START RECORDS FOR THIS EXERCISE

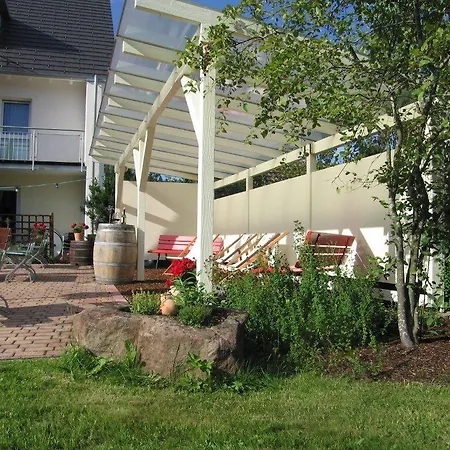Zur Linde Hotel 3*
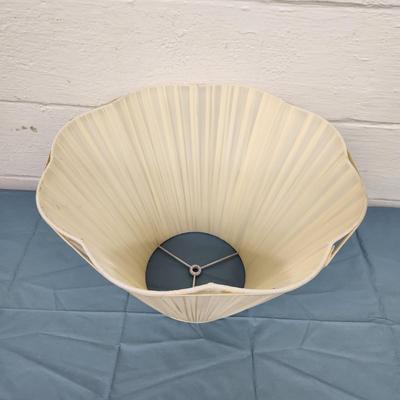 NICE LOOKING LAMP SHADE #2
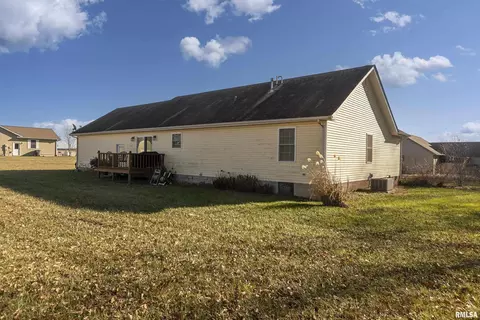 2 Holly St, Dahlgren, IL 62828 photo 21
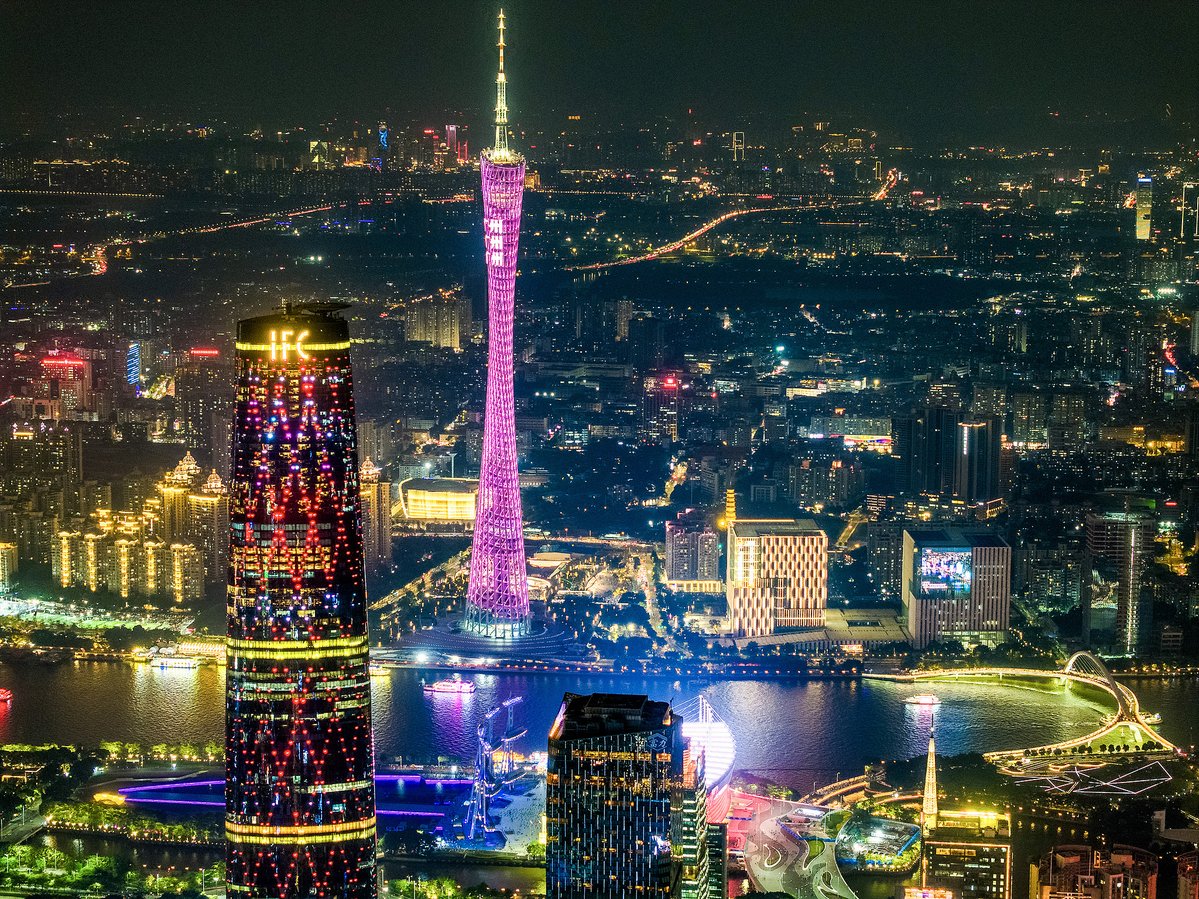 LiuXininBeijing's tweet image. Why are more and more people falling for China?
Because the view is better without the filters 📸💥
From world-class infrastructure to peaceful cooperation, China's modernization isn’t about turning inward. It's about building bridges, literally and globally.
Zheng Bijian, the…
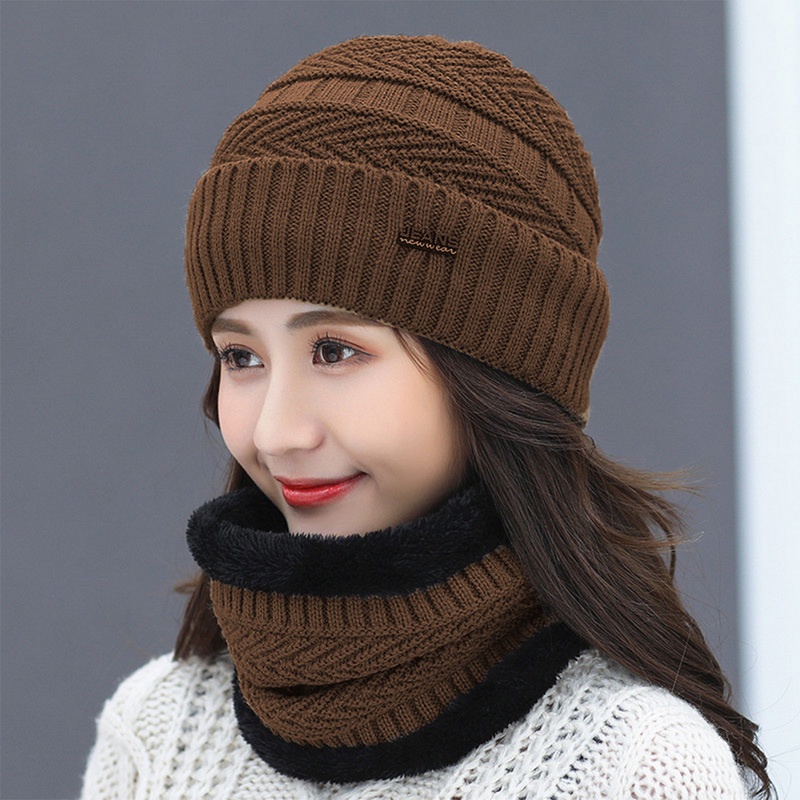 2 Pcs/Set Earprotective Hat Scarf Set for Skiing Protect Face Outdoor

END RECORDS FOR THIS EXERCISE

→ **TASK REQUIREMENTS**
Print exactly the lines from the line with "LiuXininBeijing's tweet image." through the end of the data, both ends included, and print no pictures.

→ **ANSWER SECTION**
 LiuXininBeijing's tweet image. Why are more and more people falling for China?
Because the view is better without the filters 📸💥
From world-class infrastructure to peaceful cooperation, China's modernization isn’t about turning inward. It's about building bridges, literally and globally.
Zheng Bijian, the…
 2 Pcs/Set Earprotective Hat Scarf Set for Skiing Protect Face Outdoor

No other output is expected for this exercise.